DATA IN THIS EXERCISE
________________________________________
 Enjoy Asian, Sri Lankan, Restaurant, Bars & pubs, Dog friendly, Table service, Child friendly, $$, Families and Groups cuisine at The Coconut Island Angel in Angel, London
________________________________________
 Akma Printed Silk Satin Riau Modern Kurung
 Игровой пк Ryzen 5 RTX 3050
________________________________________
TASK PROMPT
Reproduce, word for word and in full, only the lines above that start at the line with "Akma Printed Silk Satin Riau Modern Kurung" and run through the line with "Игровой пк Ryzen 5 RTX 3050", both ends included.

OUTPUT OF THE EXERCISE
 Akma Printed Silk Satin Riau Modern Kurung
 Игровой пк Ryzen 5 RTX 3050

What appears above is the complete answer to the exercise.